I thought it would be mutually beneficial.
From a practical standpoint, yes it would make sense.
Unfortunately, inventory control isn't handled by practical, all knowing people that blindly trust everyone is working for the greater good. In fact in many cases, the process isn't controlled by people at all. But then, this has a lot to do with the fact that a lot of people
would scam the system if they could.
There's a reason why every MacBook Pro box has a a series of barcodes on the side of each box that match up with serial number on the machine inside. Not everyone has the pure, practical, good-natured intentions that (we assume) you have. Others have been known to do this exact same thing for the purposes of scamming Apple and Amazon. If this inventory process check were not in place, there
would be people buying i7 MacBook Pros from Amazon, and then returning cheaper i5s they bought somewhere else (or maybe even a busted-up model from last year). To a person who doesn't intimately know Apple's product line, they would look the same on the outside.
Amazon's staff don't read the macrumors forums as part of their jobs. They don't know that you happened to win a $5,000 gift card somewhere else. They don't know that you bought the same exact model and want to return that one to them because you already have yours all nice and set up. And they don't know you, let alone do they know you well enough to believe you're a good guy with good intentions.

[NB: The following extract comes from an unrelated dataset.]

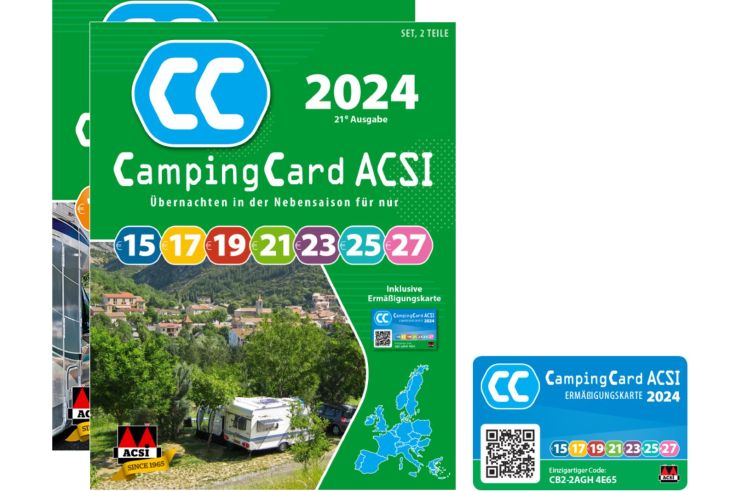 Hier siehst du die Preis-Staffelung der CampingCard ACSI.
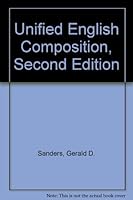 Unified English Composition with Workbook B001U9PQCM Book Cover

All they would see is that you bought an MBP with a certain serial number from them, and what they got back was an MBP with a different serial number. Not being Apple employees and probably not very familiar with Apple's product line, the employee checking in your return probably won't be able to tell for sure that the configuration is exactly the same. They don't know where the new MBP came from, what its history is, where you got it from, or why you're returning it to them instead of the one they sent you. And so, they're not going to accept it.
So, although your proposal WOULD be beneficial to them, the lack of knowledge, the risk, and the fact that most other people doing this same thing
aren't trying to be good little boy scouts means that Amazon isn't going to chance it.